I shared photos of my training, and reminded people I was doing the training to take on Everest. I would thank people who donated, refreshing the page and bringing it back to the top of my news feed. I would celebrate milestones and reiterate why I was taking on such a challenge. I would share content from World Vision and their messages.
There are so many ways to talk about the one thing – you just have to think outside the box and use a few different words here or there.
Common linking thread
#Everestbasecamptrek2015 was our hash tag for the event, which was created by the Inspired Adventures social media team. This is a great way to track the conversation about the event. I could see what other people were doing or talking about and join their conversation. I could use the tag to create a common reference point for my followers. The tag became familiar and when I used it regularly on posts, this was a quick way to associate with the message.
Yes, again, I was consistent. Reiterating the message, sharing the page link again and reminding my audience this activity was happening. Social media is a heavily used medium and there is a lot of information going on out there. For your message to be seen you do need to share it more than once and you do need to be creative. Again, not spamming, but regularly communicating with your audience and reinforcing your call to action.

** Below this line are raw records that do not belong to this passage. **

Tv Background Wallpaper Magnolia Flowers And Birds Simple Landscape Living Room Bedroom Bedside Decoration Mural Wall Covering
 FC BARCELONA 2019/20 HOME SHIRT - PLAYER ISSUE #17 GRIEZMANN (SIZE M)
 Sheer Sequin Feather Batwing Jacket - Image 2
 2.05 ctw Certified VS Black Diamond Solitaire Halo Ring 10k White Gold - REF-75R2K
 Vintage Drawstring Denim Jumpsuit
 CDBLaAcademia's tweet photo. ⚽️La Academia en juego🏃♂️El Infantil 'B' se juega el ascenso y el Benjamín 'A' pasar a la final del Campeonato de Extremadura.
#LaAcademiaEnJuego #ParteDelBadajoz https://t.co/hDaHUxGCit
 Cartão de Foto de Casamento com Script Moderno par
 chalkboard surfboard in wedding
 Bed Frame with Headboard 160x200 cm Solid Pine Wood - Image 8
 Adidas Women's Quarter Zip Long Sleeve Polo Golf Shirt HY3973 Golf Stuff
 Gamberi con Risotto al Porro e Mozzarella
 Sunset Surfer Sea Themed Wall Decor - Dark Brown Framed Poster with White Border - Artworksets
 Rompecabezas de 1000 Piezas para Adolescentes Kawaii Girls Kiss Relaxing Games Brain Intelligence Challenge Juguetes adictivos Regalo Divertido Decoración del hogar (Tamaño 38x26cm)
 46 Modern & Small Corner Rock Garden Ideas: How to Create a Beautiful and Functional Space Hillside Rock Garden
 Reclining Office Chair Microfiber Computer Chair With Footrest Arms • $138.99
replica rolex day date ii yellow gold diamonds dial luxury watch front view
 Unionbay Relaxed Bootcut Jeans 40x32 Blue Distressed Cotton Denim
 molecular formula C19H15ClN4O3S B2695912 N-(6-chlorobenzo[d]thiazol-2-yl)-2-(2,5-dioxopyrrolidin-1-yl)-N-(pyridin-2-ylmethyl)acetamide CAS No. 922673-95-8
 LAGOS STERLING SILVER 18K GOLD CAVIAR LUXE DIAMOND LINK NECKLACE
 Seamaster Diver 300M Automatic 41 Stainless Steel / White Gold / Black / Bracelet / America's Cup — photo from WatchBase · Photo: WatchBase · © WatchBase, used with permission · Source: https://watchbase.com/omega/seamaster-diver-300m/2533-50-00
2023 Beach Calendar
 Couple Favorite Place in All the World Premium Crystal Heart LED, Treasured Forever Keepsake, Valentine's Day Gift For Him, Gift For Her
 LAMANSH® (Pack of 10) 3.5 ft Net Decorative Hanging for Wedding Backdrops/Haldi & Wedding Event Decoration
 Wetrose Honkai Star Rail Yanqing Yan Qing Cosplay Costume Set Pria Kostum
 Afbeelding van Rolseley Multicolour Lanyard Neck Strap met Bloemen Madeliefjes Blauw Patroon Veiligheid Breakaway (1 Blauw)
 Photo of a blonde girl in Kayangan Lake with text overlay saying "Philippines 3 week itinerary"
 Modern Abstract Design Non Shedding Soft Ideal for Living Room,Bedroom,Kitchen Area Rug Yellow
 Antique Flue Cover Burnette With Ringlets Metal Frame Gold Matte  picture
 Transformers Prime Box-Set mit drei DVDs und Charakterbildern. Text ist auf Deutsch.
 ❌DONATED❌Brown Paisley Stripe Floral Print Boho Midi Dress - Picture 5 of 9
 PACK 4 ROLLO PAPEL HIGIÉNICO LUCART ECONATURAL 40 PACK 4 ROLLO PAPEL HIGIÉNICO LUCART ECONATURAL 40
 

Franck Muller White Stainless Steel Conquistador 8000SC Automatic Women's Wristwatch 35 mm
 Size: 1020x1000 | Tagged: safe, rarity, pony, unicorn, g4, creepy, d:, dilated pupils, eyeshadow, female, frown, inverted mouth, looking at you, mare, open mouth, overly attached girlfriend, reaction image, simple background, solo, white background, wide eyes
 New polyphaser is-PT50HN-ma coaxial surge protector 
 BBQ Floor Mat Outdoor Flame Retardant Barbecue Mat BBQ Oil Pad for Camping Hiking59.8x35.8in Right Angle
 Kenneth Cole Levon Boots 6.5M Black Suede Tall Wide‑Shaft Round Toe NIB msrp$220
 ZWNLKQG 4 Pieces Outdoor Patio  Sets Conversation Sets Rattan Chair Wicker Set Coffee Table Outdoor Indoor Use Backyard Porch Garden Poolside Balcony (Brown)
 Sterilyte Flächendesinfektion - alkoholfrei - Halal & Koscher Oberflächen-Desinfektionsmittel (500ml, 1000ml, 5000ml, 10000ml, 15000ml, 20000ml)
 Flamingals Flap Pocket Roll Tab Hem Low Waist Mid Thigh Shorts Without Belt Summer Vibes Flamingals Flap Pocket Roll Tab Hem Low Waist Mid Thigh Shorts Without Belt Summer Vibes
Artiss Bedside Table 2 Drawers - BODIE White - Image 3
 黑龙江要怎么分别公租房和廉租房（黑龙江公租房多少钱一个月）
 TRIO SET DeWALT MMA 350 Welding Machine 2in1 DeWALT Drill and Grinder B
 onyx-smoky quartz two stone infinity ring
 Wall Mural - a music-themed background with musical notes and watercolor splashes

Thank your audience! Thanking my sponsors gave me a way to acknowledge the wonderful support I had received, but also to inform my audience again of what I was doing. Every single donation I received was shared to Facebook and Twitter. I thanked each individual.
Now, on a page where there are thousands of comments, individual posts may not be possible. However, you can achieve the same results by regularly acknowledging your audience, thanking them for following you and believing in what you do.
A group thank you can be acceptable on posts with a lot of interaction, but reaching out and engaging in two-way conversation, especially one that begins with gratitude, builds trust and loyalty. What better way to share your message then through a trusted relationship?
I don’t believe what I did was spectacular. I know the result of my fundraising will be incredible and make a huge impact to the work of World Vision Australia in Nepal, by changing the lives of women and children. But I simply made a plan for my social media campaign and followed a strategy.
The long and short of this post is that social media is not hard to use. It’s about applying practices, strategies and having a method to the madness. When there is a plan and a reason for social media, there can be results.
Do you have structure around your social media activity? Do you plan what you want to share with your audience? Do you know who your audience is? All good questions! What’s your purpose for reaching out on social media? Have a think before you tweet!